By Bob Behounek
Posted on Saturday, November 30th, 2024
Vehicle advertising has always been a great way to promote a business. After the initial cost of design and lettering, these rolling billboards generate plenty of advertising value every day that truck is out and about. For pennies on the dollar, each day thousands—or even tens of thousands—of people see your client’s vehicles. It brings new customers and reminds past ones.
As these ads zip by, we may not need the service we see advertised on them until someday down the road. Nonetheless, it’s important for a company to maintain a logo presence whenever it can. As these trucks motor along, the public gets great opportunities to read them. In smaller towns, the vehicle may be seen frequently; in very large communities, you may never see this truck a second time.

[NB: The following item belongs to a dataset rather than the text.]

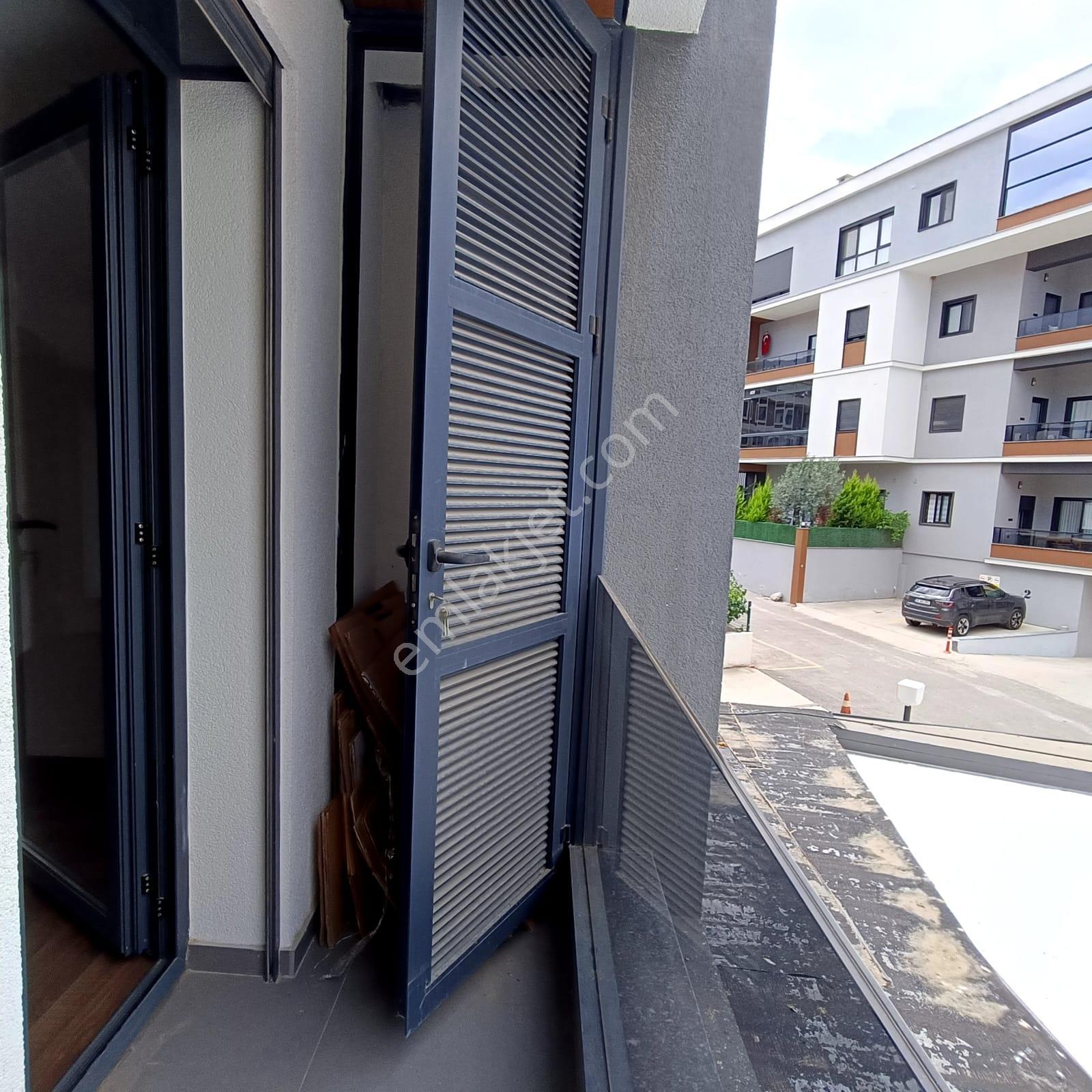 Kemalpaşa Sekizeylül 3+1 Kiralık Daire Şömineli Ebeveyn Banyolu - Görsel 28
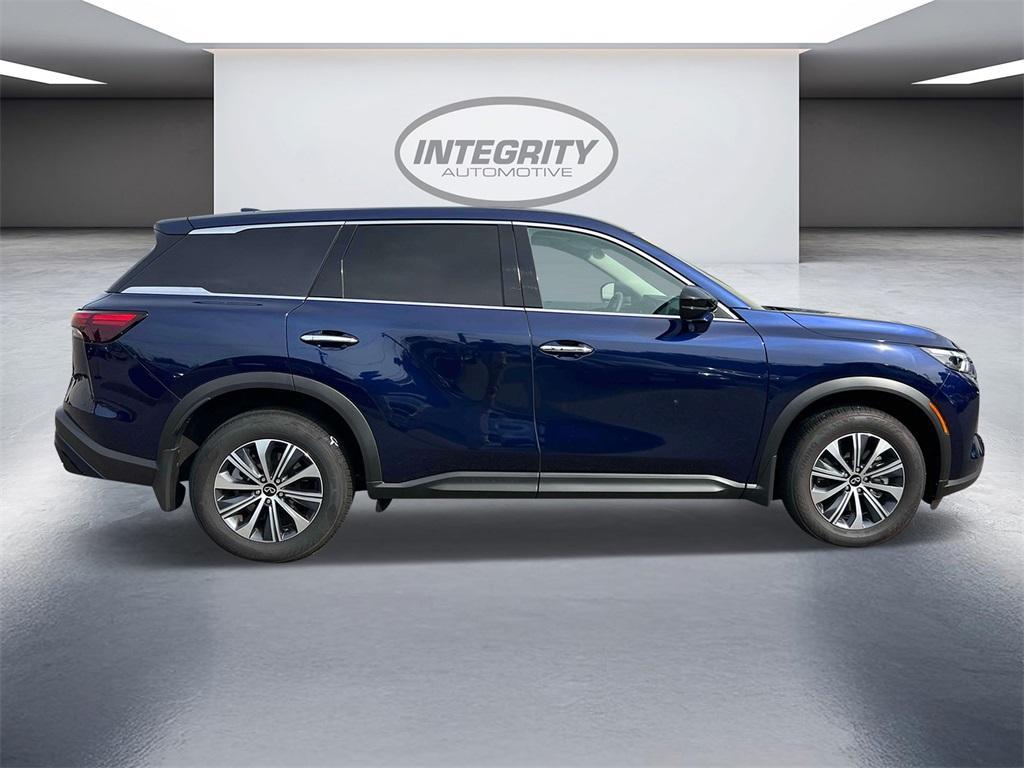 used 2025 INFINITI QX60 car, priced at $38,498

The importance of a clear and readable logo or message has never been more important. I’ve always used this simple rule: Anything that distracts from a clean and understandable advertisement should be excluded from the finished ad.
Today, though, we see so much clutter and distracting backgrounds on vehicles. Splashes, photographs, texture and all sorts of stuff hinder the delivery of a clear message.
Clutter kills
When I first entered the sign-painting trade, I was taught that the outdoor advertising principles developed during the golden era in the 1950s applied to vehicle graphics, as well. Minimal copy, strong contrasts and appropriate graphics were the goal.
We see graphic trucks and cars moving in all directions whether we are standing still or moving ourselves. Either way, one important fact remains: Reading time is critical. Without a doubt, the amount of time viewers have to understand what they see is the most important factor.
As designers of signage, our responsibility to our clients is to deliver a clear message to the general public as effectively as possible. That means something that can be understood quickly in two to three seconds. Today, five words or less is the maximum.
That “less is more” approach couldn’t be more important in today’s cluttered and busy visual environment. Imagine yourself on an interstate highway. You’re in an area you’re not familiar with. There’s traffic to deal with, and you need to find information on one of those roadside signs.
Suddenly, you see a double-post sign with a busy background. You can’t read it, though it looks like there are pretty flowers and something else. But what?
The unnecessary background clutter, with all the color contrasts, kept the text—the essential message—from being understood. If you saw the picture, there was no time left to read the message. It was lost in the flowers and garden surrounding the text. It was unlikely that you would see the message first—the image was more dominant.
This is the same problem we have when vehicles drive by with blurred messages and cluttered information. Our brain can only comprehend one thing at a time. It does that pretty fast as long as messages are clear. Our job is to get those messages read quickly in the order we want them read.
Design matters the most
When I see vehicles that are totally wrapped, I ask myself if it was necessary. All the material and labor to convey a message certainly adds cost. Would some of that cost have been better spent on design time, insuring that the message gets read?
I’ve been told that clients today want to stay in tune with the current trends. Well, right—but do these current trends in advertisement work effectively? Our goal is to sell our clients signage they can afford and, above all, help their business to succeed.
I dug out some photos from an era before total wraps existed. Utilizing the background color of each vehicle; allowing our design to flow from left-to-right, top-to-bottom; not staying within fixed paneled areas; using the total space with no regard to creases, windows, door handles or wheel wells—these have always been tools that sign designers used to maximize impact.
Actually, this method is very similar to the approach used on race car graphics to maximize readability at high speeds on speedways. Look at well-designed graphics on a few race cars, and you’ll see what I mean.
I asked myself if I would have changed anything in these designs if I were doing them today. Maybe some minor modifications with the typography or colors, but nothing major. Would I have inserted a background flash or splash or a photo behind them? No.
Each of these examples has a bold main message with smaller, less visible secondary information. No pictures; no unnecessary clutter to distract from the ad. During the era of hand-painted signs, we had to have a direct need to add more to what the sign’s basic task was. “Less is more” was an essential design principle, and it still is.
Will our clients go back to the clean readable look anytime soon? Well, it just may be up to us to re-invent something which, in contrast, works and reads like no other vehicle in town.